C’è un insetto killer che fa strage di abeti rossi: è allarme sull’Appenino Pistoiese. La causa e i danni evidenti
Francesco Benesperi (Unione dei Comuni): per fermare la proliferazione del bostrico stiamo usando trappole ai feromoni. Acquerino, a rischio le conifere
PISTOIA. «Il caldo eccessivo sta favorendo la proliferazione del bostrico, un insetto dell'ordine dei coleotteri che sta divorando ettari ed ettari di foreste di abete rosso della nostra montagna».
A lanciare questo grido d'allarme è il dottore in scienze forestali Francesco Benesperi, responsabile del settore forestazione dell'Unione dei comuni montani dell'Appennino pistoiese. È a lui che inoltriamo le segnalazioni dei molti appassionati della montagna, fra cui quella di Alessio Bechini che da sempre frequenta le foreste dell'Acquerino, che sono giunte alla nostra redazione. «L'abete rosso – spiega l'esperto – è una specie arborea residuo delle antiche glaciazioni che hanno interessato quest'area. Per crescere e proliferare, queste piante hanno bisogno di un clima particolarmente rigido che però da alcuni anni a questa parte è sempre più difficile trovare a quote relativamente basse come quelle dell'Acquerino».
Ma qual è il legame che unisce il bostrico all'abete rosso in un abbraccio che, da qualche tempo a questa parte, si rivela sempre più mortale? «Questo coleottero – prosegue il professor Benesperi - non appartiene a una specie alloctona visto che è da sempre presente sia nell'area dell'Acquerino che a quote più elevate, dove ad esempio si trovano le riserve naturali dell'Abetone e del Campolino. Queste sono ancor più caratterizzate da grandi distese di abeti rossi che da sempre sono una delle maggiori attrattive degli appassionati di questo spicchio di montagna. La funzione del bostrico in natura è quella di aiutare la decomposizione delle piante di questa specie già cadute a terra o perché malate oppure a causa di qualche evento meteorologico distruttivo, come la grande burrasca che nel 2003 colpì varie zone montane del nostro Paese. Le temperature più rigide che si registravano negli anni passati evitavano in maniera naturale una riproduzione eccessiva di questi insetti che invece adesso, si moltiplicano in maniera esponenziale».
Questo vero e proprio boom demografico ha reso di fatto insufficienti le quantità di abeti rossi caduti a terra, inducendo i moltissimi esemplari di bostrico affamati a lanciarsi verso la colonizzazione anche di piante sane, ancora nella loro sede naturale. La loro tattica è sempre la stessa: gli insetti penetrano nell'intercapedine fra tronco e corteccia dove scorre il "fluema", che è il fluido nutritivo della pianta, che costituisce il loro nutrimento.

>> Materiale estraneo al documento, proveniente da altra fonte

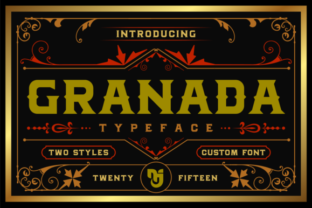 Granada Font: A Bold Display Typeface for Editorial Design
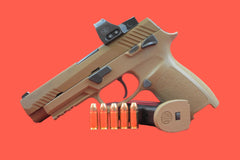 Halbautomatische Pistole Sig Sauer P320 9 mm Luger - Seitenansicht/Draufsicht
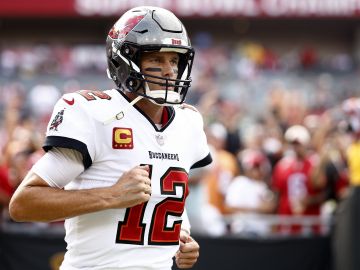 El jugador calentó motores para su próximo juego de la NFL.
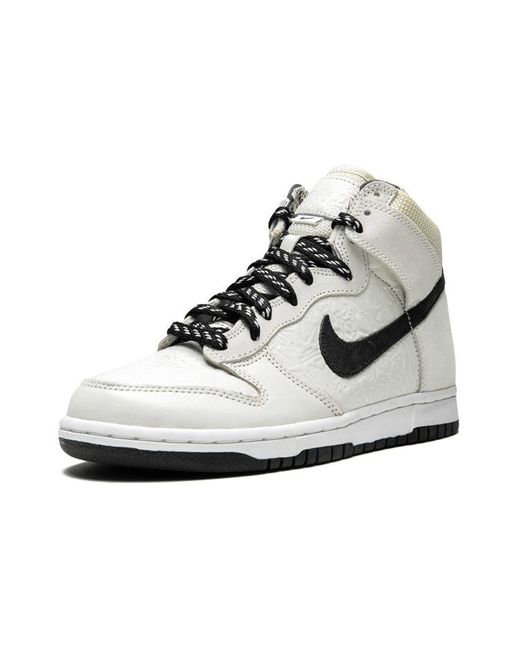 Nike White X Stussy Dunk High 'World Tour Tokyo' for men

«Il bostrico scava gallerie profonde e di grande perfezione all'interno della pianta – puntualizza l'esperto – portandola a morte certa se non si procede tempestivamente con importanti azioni di bonifica. La più radicale ma anche la più in uso, è quella di procedere con i tagli selettivi degli esemplari di abete rosso già compromessi dalla presenza di questo insetto. All'Aquerino, ad esempio, si sta adottando da tempo questa tattica che serve innegabilmente ad arginare l'irruenza di questo coleottero. In seguito, quando la presenza in eccesso del bostrico è stata debellata, si può procedere all'opera di rimboschimento».
Se il taglio è la strada più battuta nella lotta senza quartiere al bostrico, ne esistono comunque anche altre ben più sofisticate. «Ci sono delle trappole ai feromoni – spiega il professor Benesperi – che stanno dando risultati molto soddisfacenti. I feromoni agiscono sul richiamo sessuale di questi insetti. In pratica si possono effettuare catture di esemplari maschili o femminili a seconda della scelta che viene fatta in base a studi preliminari. Queste trappole hanno la forma di grandi pannelli di color nero in cui all'interno è presente una cavità, la trappola appunto, che viene cosparsa della sostanza ormonale. L'insetto vi penetra per poi non riuscire più a uscire».
La speranza è che il contrasto al bostrico dia risultati sempre più importanti anche se, per l'abete rosso, il futuro si preannuncia comunque a tinte fosche. «L'innalzamento delle temperature dovuto ai cambiamenti climatici – conclude Benesperi – ridurrà sempre di più l'habitat naturale di queste piante che per vivere hanno bisogno di molto freddo. Spetta a noi fare di tutto per conservare questo patrimonio di biodiversità ma, alla base di tutto, ci dovrà essere a livello mondiale una presa di coscienza collettiva».